In his Thanksgiving holiday message, President Obama said his administration has acted by cutting taxes for nearly all working men and women and for small businesses and by extending unemployment benefits and health coverage for millions out of work. He trumpeted other administration initiatives, including the health care overhaul, before saying more needs to be done, particularly for those without jobs.
The President will meet this week with business owners, labor leaders and nonprofit officials to talk about additional efforts to spur job creation. The President’s job summit includes executives from companies like Google, Boeing, and Fedex. Businesses support tax cuts and measures to make credit more available, while the White House appears to be leaning toward shifting stimulus funds toward infrastructure projects and steps to boost clean technology jobs.
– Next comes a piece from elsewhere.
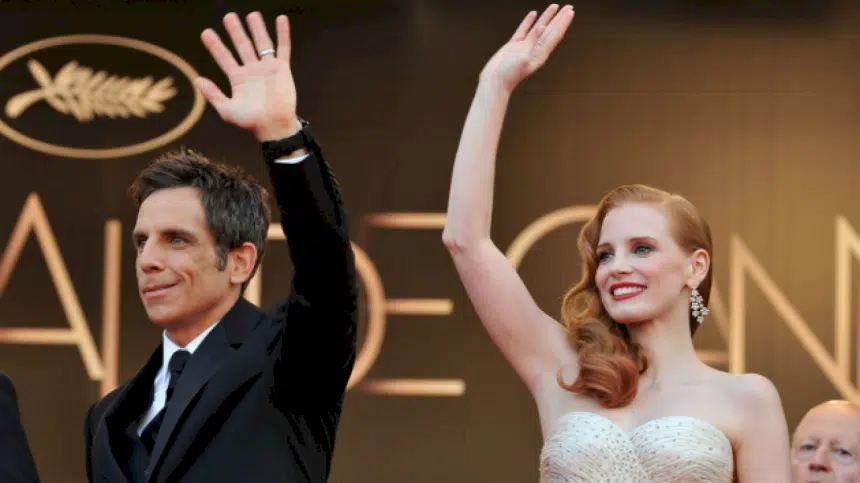 Ben Stiller and Jessica Chastain wave at a red carpet event.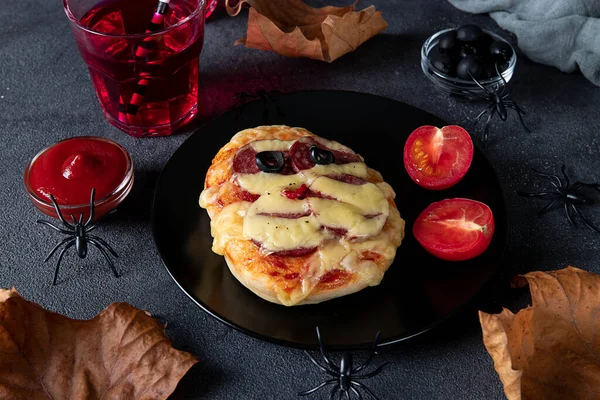 Śmieszna mini pizza mummie z kiełbasą i serem na Halloween party, serwowana z czarnymi oliwkami, ketchupem i napojami na ciemnym tle — Zdjęcie stockowe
On Friday, the government will release figures for job losses and the unemployment rate for November.
Congressional leaders say they would like to do more to spur job creation, yet economists and business executives warn that their plans to impose new healthcare and climate-change costs on corporations would have the opposite effect. Business groups have persistently warned about the employment consequences of the congressional proposals. Associations representing thousands of small businesses that do not offer their employees health insurance, in particular, have complained that the legislation would make it harder for them to stay in business and hire new workers.
As the President prepares to send tens of thousands more U.S. troops to the eight-year-old war in Afghanistan, a tax hike plan is being developed by Rep. David Obey that would combine higher taxes already coming with the expiration of Bush’s tax cuts at the end of 2010 and new taxes proposed in the healthcare legislation moving through Congress to pay the growing bill for the wars in Iraq and Afghanistan.